C’est à Paris que Carrel apprend l’invasion de la Pologne par la Wehrmacht, le 1er septembre 1939. Le 3, Français et Britanniques déclarent la guerre à l’Allemagne. Carrel, âgé de 66 ans, veut servir sa patrie. Mais certains cherchent à éconduire celui qu’ils surnomment « l’Américain ». Son aristocratisme, sa condamnation de la franc-maçonnerie, sa critique du marxisme comme de l’égoïsme libéral, sont autant de raisons pour le tenir à l’écart. Lorsque commence la campagne de France, Carrel obtient enfin l’autorisation de monter un hôpital mobile. Muni d’un ordre de mission, il se rend aux États-Unis le 18 mai 1940 pour y recueillir des fonds. L’armistice signé à Rethondes rendra cet hôpital inutile. C’est maintenant la détresse des populations abandonnées qui obsède Carrel. Il faut avant tout assurer l’approvisionnement en nourriture; il faut calmer la déraison, la peur, la souffrance… Le sort des enfants le touche particulièrement : il s’effraie d’une inévitable carence en vitamines. Avec son ami J.W. Johnson, il parvient à négocier l’achat d’importants lots de vitamines et à obtenir des autorités fédérales l’autorisation de gagner l’Europe. Le Docteur gagne Toulouse, puis Vichy (une audience lui a été ménagée auprès du maréchal Pétain par un ancien compagnon d’ambulance de 1915). Il se voit immédiatement confier une tournée d’observation en zone libre – pour lutter contre la disette qui menace. Le projet de création d’un institut de l’Homme le hante toujours. À Vichy, il peut compter sur le soutien actif de Bouthillier (Finances) et de Lehideux (Production industrielle). Le 17 novembre 1941, une loi instaure la Fondation française pour l’Étude des Problèmes humains. Son régent est le Docteur Carrel. Une seconde loi signée le 14 janvier 1942 fixe la dotation de la Fondation à 40 millions de francs. Malgré les événements, l’année 1944 voit la réalisation de plusieurs études importantes : comment améliorer les conditions de développement de l’enfant, comment lutter contre la dénatalité , comment prévenir le vieillissement précoce du travailleur… Depuis la débâcle de juin 1940, Carrel n’avait eu qu’un seul but : le relèvement de la France. Il sera cependant accusé de collaboration par quelques confrères jaloux, quelques « résistants » de la 25e heure.

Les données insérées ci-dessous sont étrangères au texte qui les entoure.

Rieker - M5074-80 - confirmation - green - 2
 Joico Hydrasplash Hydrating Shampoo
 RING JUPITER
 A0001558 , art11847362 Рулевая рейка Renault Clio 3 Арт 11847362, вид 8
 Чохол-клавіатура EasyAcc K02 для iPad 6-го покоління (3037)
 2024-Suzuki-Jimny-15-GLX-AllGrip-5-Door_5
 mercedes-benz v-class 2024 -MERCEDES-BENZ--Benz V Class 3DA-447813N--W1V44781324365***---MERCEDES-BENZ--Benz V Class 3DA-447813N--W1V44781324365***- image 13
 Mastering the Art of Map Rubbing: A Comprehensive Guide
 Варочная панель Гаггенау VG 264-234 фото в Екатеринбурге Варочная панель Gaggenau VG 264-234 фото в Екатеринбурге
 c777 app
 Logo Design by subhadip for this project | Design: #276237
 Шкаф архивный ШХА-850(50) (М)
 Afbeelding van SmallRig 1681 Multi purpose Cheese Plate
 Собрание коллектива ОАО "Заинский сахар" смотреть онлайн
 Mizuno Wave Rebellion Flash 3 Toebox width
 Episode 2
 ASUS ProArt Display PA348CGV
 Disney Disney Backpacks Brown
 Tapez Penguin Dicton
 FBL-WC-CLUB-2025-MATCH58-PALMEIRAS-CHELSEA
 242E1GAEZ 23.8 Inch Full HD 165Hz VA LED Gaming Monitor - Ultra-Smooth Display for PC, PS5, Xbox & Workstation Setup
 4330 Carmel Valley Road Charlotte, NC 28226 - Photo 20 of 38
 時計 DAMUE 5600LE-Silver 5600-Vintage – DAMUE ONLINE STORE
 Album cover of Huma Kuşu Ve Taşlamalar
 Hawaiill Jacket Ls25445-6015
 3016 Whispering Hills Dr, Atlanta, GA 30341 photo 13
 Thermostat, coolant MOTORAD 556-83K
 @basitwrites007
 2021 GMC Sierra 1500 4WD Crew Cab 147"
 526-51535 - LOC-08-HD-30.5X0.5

Au début d’août 1944, il est victime d’une attaque cardiaque. Le 21 du même mois, le Secrétaire général (gaulliste) à la Santé publique le suspend de ses fonctions de régent de la Fondation. Le choc psychologique est suivi d’un effondrement physique : une nouvelle défaillance cardiaque rappelle les médecins à son chevet. En vain : il meurt le 5 novembre 1944.

En 1996, à la suite de pétitions lancées par des mouvements d’extrême gauche, la faculté de médecine de l’Université Lyon 1 Alexis Carrel est débaptisée ! « On » affirme qu’il aurait appartenu au PPF ! Qu’importe la haine : les esprits libres ne retiendront de lui que ses facultés intellectuelles claires et profondes, sa curiosité dévorante, son génie – et son honnêteté absolue.